Registrars and senior staff are rostered on-call: training in after-hours work is thus provided. SIPM expects each trainee to receive 8 to 10 hours teaching/supervision per week, consisting of formal teaching sessions, journal club, clinical meetings, teaching ward rounds, and discussions about patient management at other times. Content and teaching are also enriched by the humanities program and the perspective provided by the international program, which has focused on both developed and developing countries. The key values of the SIPM guide this educational program. These are: respect for the value of the individual, recognition of the value of the last phase of life, respect for fundamental ethical principles, and respect for spiritual dimensions of care.5

The clinical caseload provides the context for a spiral learning system, in which the same ground is covered again and again, at higher and higher levels of complexity. The trainee develops a broad grasp of palliative care, gradually building competence by repeated exposure to patients, calling for the application of a wide range of skills with adequate supervision, and opportunity for retrospection and reflection. Such a system risks boredom by its repetitive nature; this is avoided by the diversity afforded by relatively large clinical services.

The process of clinical consultation is an ideal vehicle for problem-based learning: solutions to clinical problems often require the acquiring and drawing together of knowledge from other disciplines, as well as mainstream palliative therapeutics. Palliative therapeutics can be reduced for some purposes to a simple empirical system such as the WHO analgesic ladder for cancer pain relief, but education involving precise definition of pain mechanisms in each patient leads to a more adequate approach to assessment and more comprehensive management of that pain.6

Role of Supervision

Although the trainee may work with more than one consultant in a particular post, a main supervisor is always appointed and available. The main supervisor and the trainee develop a partnership, with daily clinical contact; a relationship of clinical apprenticeship, as opposed to solely distance or information-based learning. This model is conceptually based on the two etymological dimensions of the word "educate," that is, "to lead out" and "to nourish."

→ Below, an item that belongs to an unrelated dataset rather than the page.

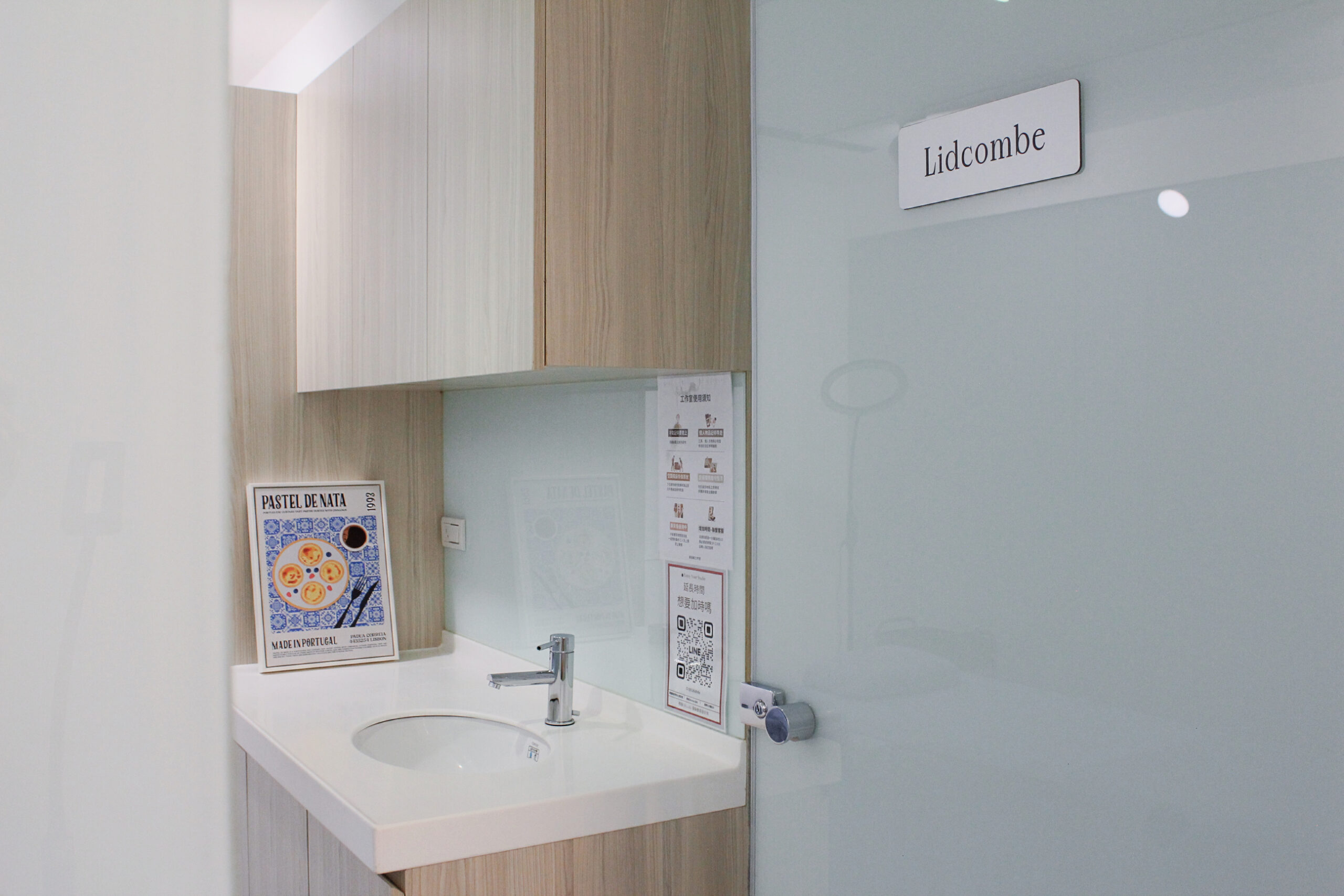 {"ARInfo":{"IsUseAR":false},"Version":"1.0.0","MakeupInfo":{"IsUseMakeup":false},"FaceliftInfo":{"IsChangeEyeLift":false,"IsChangeFacelift":false,"IsChangePostureLift":false,"IsChangeNose":false,"IsChangeFaceChin":false,"IsChangeMouth":false,"IsChangeThinFace":false},"BeautyInfo":{"SwitchMedicatedAcne":false,"IsAIBeauty":false,"IsBrightEyes":false,"IsSharpen":false,"IsOldBeauty":false,"IsReduceBlackEyes":false},"HandlerInfo":{"AppName":2},"FilterInfo":{"IsUseFilter":false}}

The network of posts offers differing levels of responsibility and supervision. A rotation is organized wherever possible to allow gradually diminishing levels of supervision as the trainees' skills increase. The main supervisor is responsible for the smooth running of the particular training position, assessing the trainee, and giving feedback. Trainees are assessed using a formal tool every three months, with an informal feedback session halfway through each rotation. The supervisor is the first point of contact for trainees to discuss whatever difficulties they may be facing. In addition to imparting clinical wisdom, a good supervisor also assists with the mentoring and professional development of the trainee. The program is organized to support the trainees' personal growth. In the course of this training, existential questions frequently challenge trainees. Trainees are encouraged to develop their own strategies for self-care: a variety of opportunities are provided, such as external clinical supervision and critical incident debriefing as well as informal strategies such as peer support and camaraderie. Learning to accompany one's fellow human beings on their final journey remains a serious exercise.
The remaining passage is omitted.